Por fim, o órgão da União solicita à Cesama reconsideração da decisão, com o compromisso de “empreender com a máxima celeridade possível a cessão gratuita da área única e especificamente onde se situam os equipamentos/benfeitorias da barragem”. E alerta que uma eventual saída da companhia implicaria “em grande insegurança para a vida e a propriedade de toda a população de Juiz de Fora”.
Tratativas entre Cesama e União seguem
O futuro da operação e manutenção da barragem de Chapéu d’Uvas será debatido entre a Cesama e a União a partir desta terça-feira (28), quando devem se iniciar conversas com representantes do governo federal. A informação foi divulgada pelo diretor-presidente da Cesama, Júlio César Teixeira, em audiência pública realizada na Câmara Municipal de Juiz de Fora nesta segunda (27), sobre a proteção da bacia de contribuição da represa.
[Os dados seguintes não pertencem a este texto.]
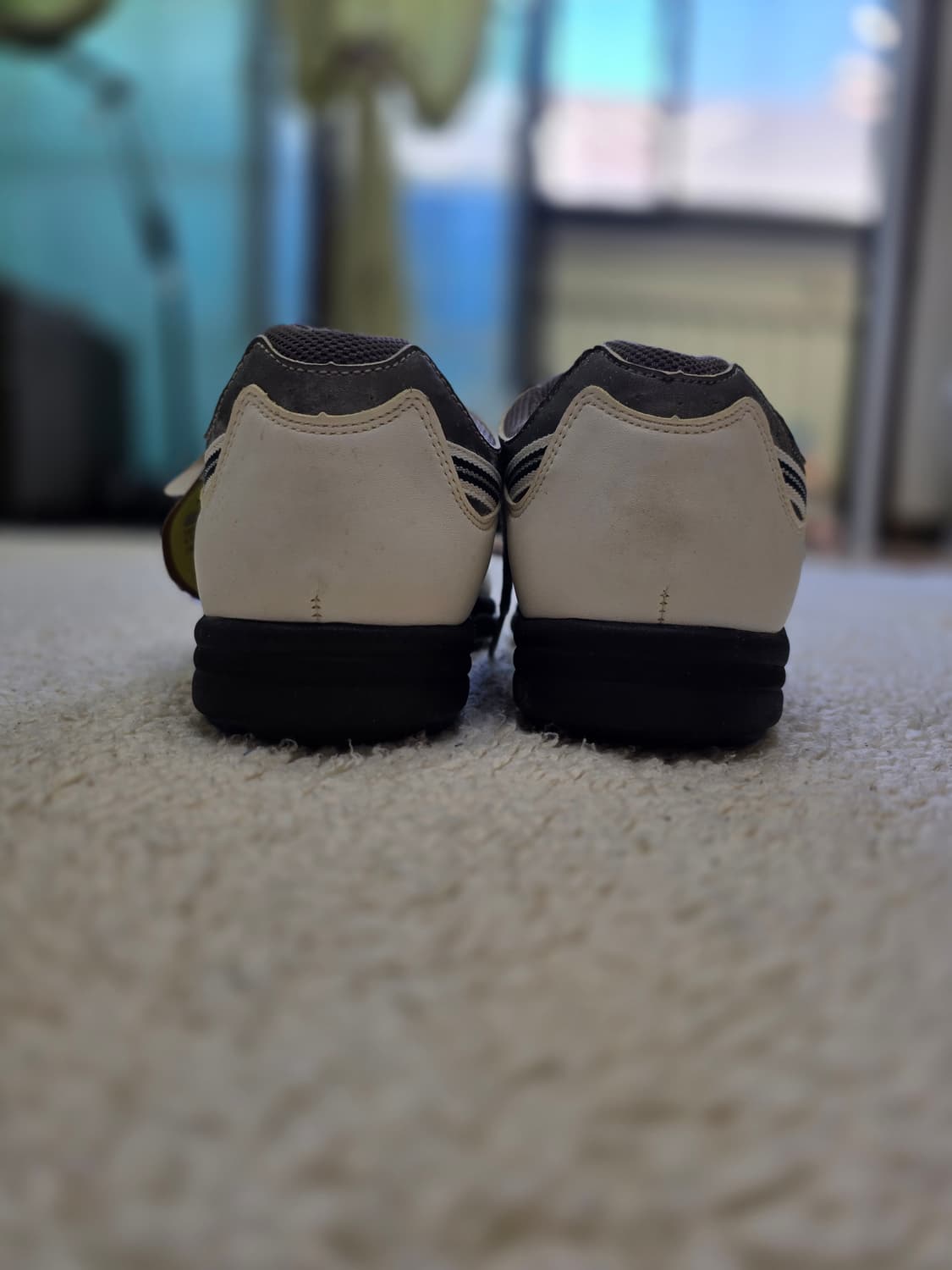 Masters 골프화 255mm 상품이미지6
Há duas semanas, reportagem d’O Pharol mostrou que a Cesama encaminhou ofício à União informando que desejava devolver a operação da barragem. Assim como havia sido informado à reportagem, o diretor-presidente da Cesama afirmou, durante a audiência pública, que a decisão partiu após uma ação cível movida pelo Ministério Público de Minas Gerais, da comarca de Santos Dumont, que solicita o “desfazimento da barragem”. Conforme Teixeira, “nessa ação, a Cesama entra como ré. Ainda de acordo com o diretor-presidente da companhia, a União foi alertada sobre a questão, mas não deu um retorno sobre a ação cível. Quando a Cesama manifestou que deixaria a operação e manutenção da barragem, a Superintendência do Patrimônio da União em Minas Gerais (SPU-MG), então, encaminhou, no dia 15 de setembro, um ofício em resposta ao comunicado.
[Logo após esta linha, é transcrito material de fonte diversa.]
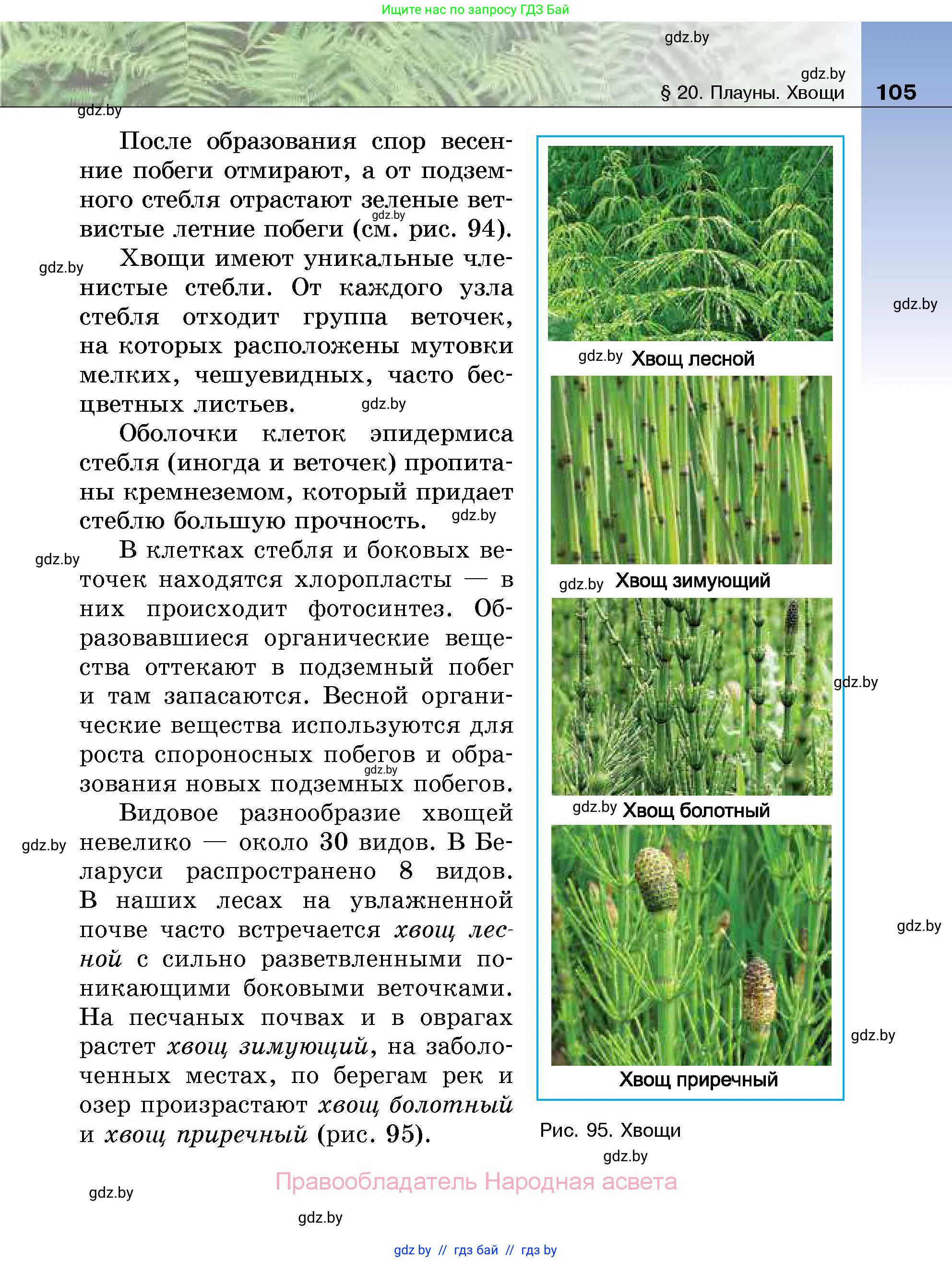 Биология, 7 класс Учебник, автор: Лисов Николай Дмитриевич, издательство Народная асвета, Минск, 2022, зелёного цвета, страница 105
“Então, nós começaremos a conversar a partir de amanhã para formalizar esse convênio”, informou Teixeira durante a audiência. Em resposta a um questionamento d’O Pharol, o diretor-presidente da Cesama ainda reforçou que a decisão de devolver a operação à União está mantida, entretanto, “há uma tendência bem grande de reversão”, considerando o retorno da União e que, “de forma colaborativa, tudo caminha no sentido de Juiz de Fora continuar fazendo a manutenção da barragem de Chapéu D’Uvas”.
Também durante a audiência, Teixeira explicou que há uma preocupação quanto à ação movida pelo Ministério Público de Santos Dumont relativa à importância da represa de Chapéu D’Uvas, que colabora para o controle de energia para pelo menos cinco hidroelétricas. Visando a preservação das águas, Juiz de Fora não descarta a construção de um modelo consórcio envolvendo os municípios de Antônio Carlos, Ewbank da Câmara e Santos Dumont.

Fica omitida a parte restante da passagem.